Solving Basic Inequality: r1, r2, r3, r4 >0 & t1, t2, t3, t4 in [0, 2π)

[forumfann]

Could anyone help me on this,
Is it true that for any given $r_{1},r_{2},r_{3},r_{4}>0$ and $t_{1},t_{2},t_{3},t_{4}\in[0,2\pi)$ if
$r_{1}\left|\cos(t-t_{1})\right|+r_{2}\left|\cos(t-t_{2})\right|$$<r_{3}\left|\cos(t-t_{3})\right|+r_{4}\left|\cos(t-t_{4})\right|$ for all $t\in[0,2\pi)$
then $r_{1}+r_{2}<r_{3}+r_{4}$ ?

By the way, this is not a homework problem.

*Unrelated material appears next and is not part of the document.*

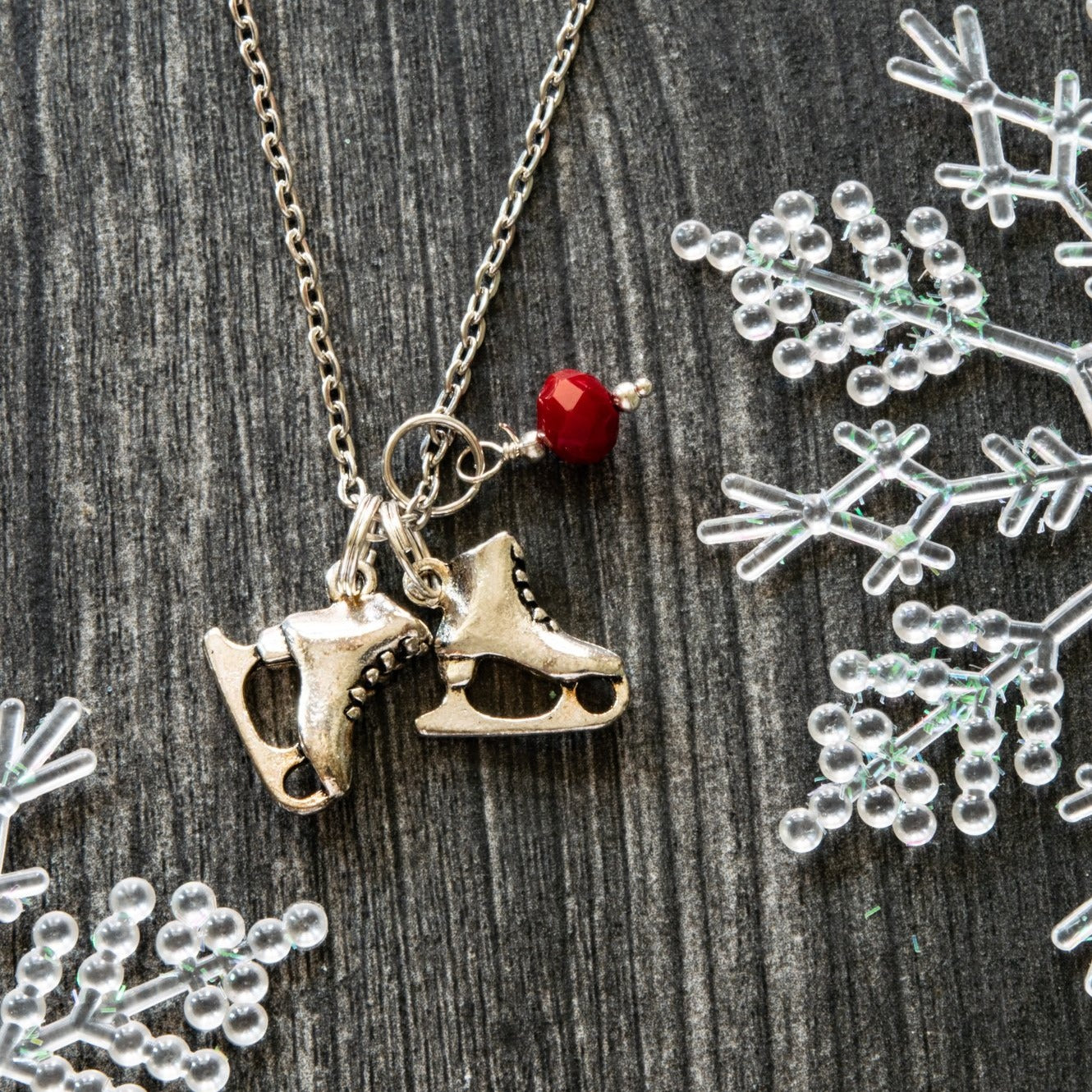 Holidays, Let it snow - Stainless Steel Necklace with Ice Skates, Faceted Red Glass Bead, and Bumblebee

Any help will be highly appreciated!

 

[Kaimyn]

Could anyone help me on this,
Is it true that for any given $r_{1},r_{2},r_{3},r_{4}>0$ and $t_{1},t_{2},t_{3},t_{4}\in[0,2\pi)$ if
$r_{1}\left|\cos(t-t_{1})\right|+r_{2}\left|\cos(t-t_{2})\right|$$<r_{3}\left|\cos(t-t_{3})\right|+r_{4}\left|\cos(t-t_{4})\right|$ for all $t\in[0,2\pi)$
then $r_{1}+r_{2}<r_{3}+r_{4}$ ?

By the way, this is not a homework problem.

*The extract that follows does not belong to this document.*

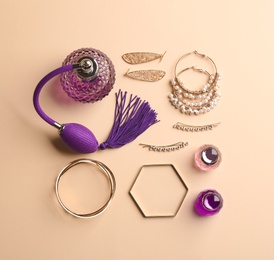 Photo of Composition with perfume bottles and jewellery on color background, flat lay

Any help will be highly appreciated!

I may be incorrect, but I would say this would be false.

What if $$t-t_{1}$$ and $$t-t_{2}$$ are equal to $$2pi$$, $$pi$$ or $$0$$? Then r₁ and r₂ can be anything, and don't have to satisfy the inequality!

 

[forumfann]

If $t-t_{1}$ and $t-t_{2}$ are equal to $2pi$, $pi$ or $0$ ? Then the left hand side of the given inequality is $r_1+r_2$, which is less than the right hand side of the given inequality that is not larger than $r_3+r_4$. Thus the claim is automatically true.

I think what makes it possible to be true is "for all $x\in[0,2\pi]$", but I don't know how to prove it.

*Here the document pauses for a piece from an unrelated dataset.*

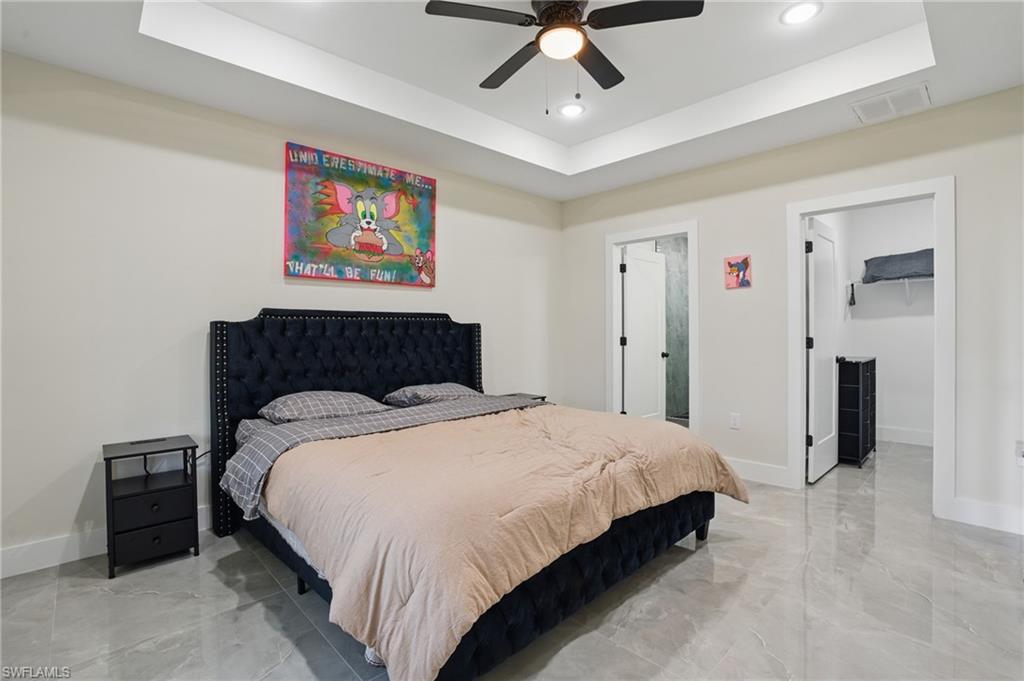 Bedroom with a tray ceiling, baseboards, light marble finish flooring, and recessed lighting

Again, any suggestion that can lead to the answer to the question will be greatly appreciated.

 

[Kaimyn]

Ahh, sorry, I meant pi/2, meaning cos(pi/2) = 0. Then they do not have to be < r₃+ r₄

Besides, say they are both equal to pi anyway. Then, r₁ and r₂ can be greater than r₃ and r₄, yet still hold true in the first inequaility but not the second.